The Office for Civil Rights (OCR) conducted an investigation and concluded that the clinic had failed to verify the custody arrangement and had not properly assessed the minor’s right to privacy under applicable laws. To resolve
the matter, the clinic entered into a voluntary corrective action plan that included revising its patient intake and verification processes, retraining all relevant staff on minor consent and disclosure rules, and submitting compliance
reports for a six-month monitoring period.
This case illustrates the importance of understanding the intersection of HIPAA, state laws, and custody arrangements before releasing any health information involving minors.
Lesson learned: Always request legal documentation and confirm rights before disclosing PHI, even to a biological parent.
How to Stay Compliant with § 164.502(g)
Develop a Verification Policy
Implement a policy that requires written documentation for any personal representative request. Acceptable proof may include:
- Power of attorney
- Guardianship paperwork
- Letters of testamentary
- Custody orders
Train your team to verify each request based on the relationship, legal document, and reason for access.
Define Boundaries in Your Policies
Update your Notice of Privacy Practices (NPP) to clearly define your approach to personal representatives. Include:
- Who qualifies under your policy
- How to submit proper documentation
- What rights are limited by law or situation
Train Staff on Complex Scenarios
Use real-life examples in training sessions. Discuss how to handle:
- Divorced parents requesting child records
- Step-parents without legal authority
- Estate administrators requesting access
- Adolescent patients receiving confidential treatment
This prepares front office and clinical staff to navigate difficult conversations calmly and lawfully.

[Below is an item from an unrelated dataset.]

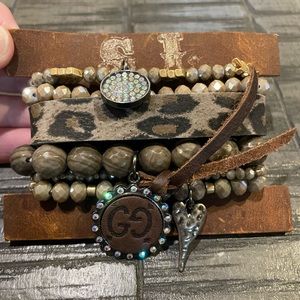 Sandra Ling upcycled Gucci bracelet set.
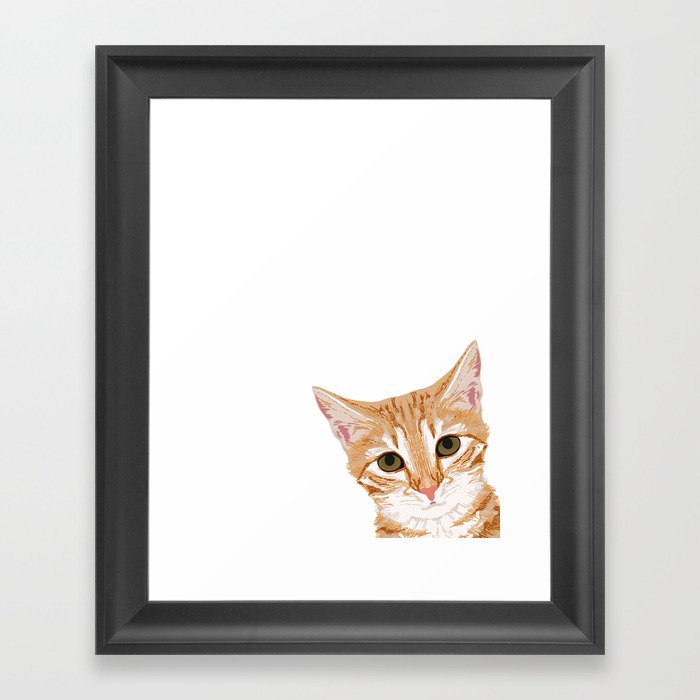 Peeking Orange Tabby Cat - cute funny cat meme for cat ladies cat people  Framed Art Print by PetFriendly | Society6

Document Every Disclosure Decision
Create a disclosure log for requests involving personal representatives. Record:
- The requestor’s name and relationship
- Documents provided
- Whether access was granted or denied
- Rationale and who approved the action
This protects your practice in case of an audit or future dispute.
Sample Personal Representative Verification Log
| Date | Requestor | Patient | Type of Authority | Documentation Provided | Access Granted? | Notes |
|---|---|---|---|---|---|---|
| 6/1/2025 | M. Garcia (Parent) | Luis Garcia | Legal guardian | Custody agreement | Yes | Child under 12 |
| 6/3/2025 | S. James (Executor) | Anna James | Letters of testamentary | Court docs received | Yes | Access to final billing |
| 6/6/2025 | D. Taylor (Father) | Jordan Taylor | None provided | None | No | Awaiting proof of custody |
Regulatory and Authority References
Final Takeaways and Recommendations
The personal representative standard in HIPAA is a vital protection that ensures patients’ rights are respected while still allowing legal access when appropriate. Small practices must apply these rules carefully, especially in nuanced cases involving
minors, mental health, or deceased individuals.
To ensure compliance:
- Require documentation
- Train your staff
- Document all actions taken
- Seek legal clarification when needed
Taking a consistent, policy-driven approach to verifying personal representatives will protect your practice and your patients, no matter how complex the request.